### DATA SEGMENT
<<<<
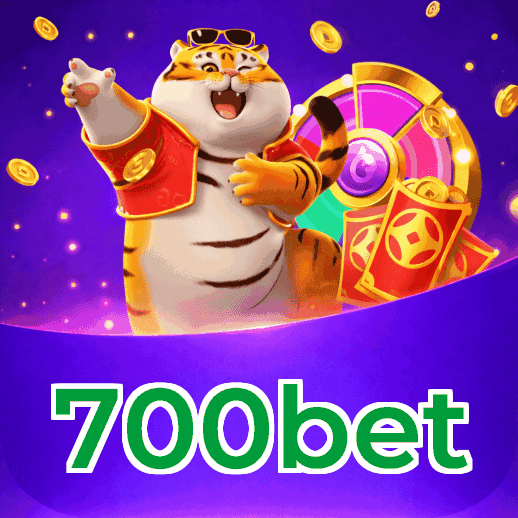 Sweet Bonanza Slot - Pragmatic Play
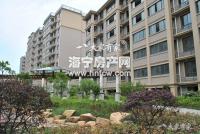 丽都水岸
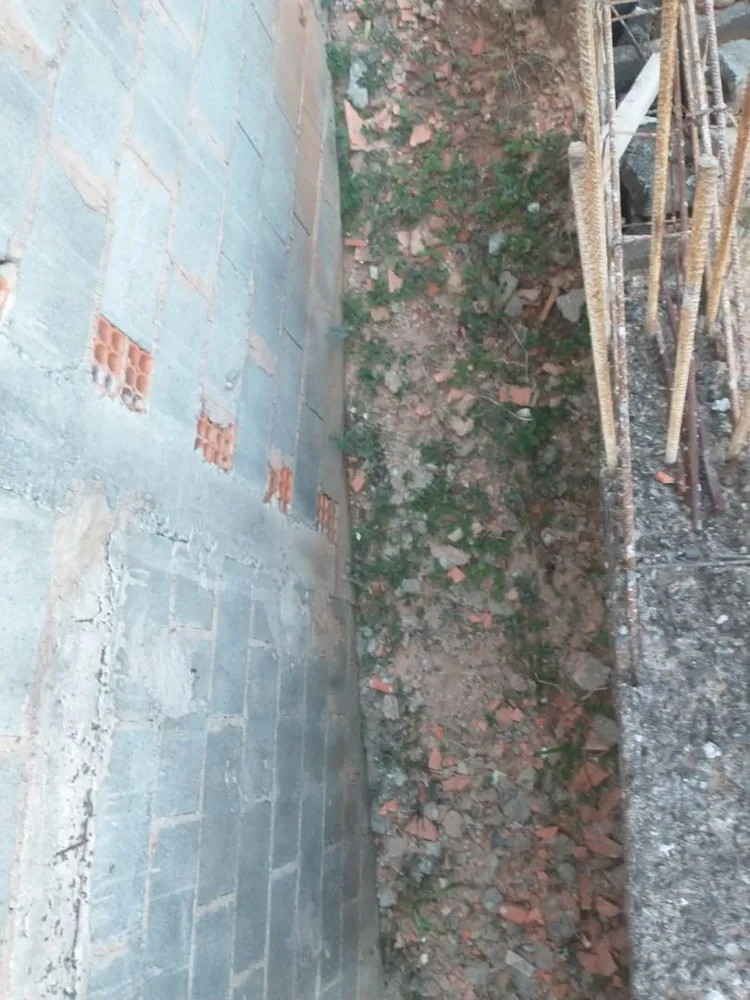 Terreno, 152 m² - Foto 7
>>>>
### YOUR GOAL
Images are to be skipped, and each line above is to be returned exactly.

### SOLUTION BELOW
 Sweet Bonanza Slot - Pragmatic Play
 丽都水岸
 Terreno, 152 m² - Foto 7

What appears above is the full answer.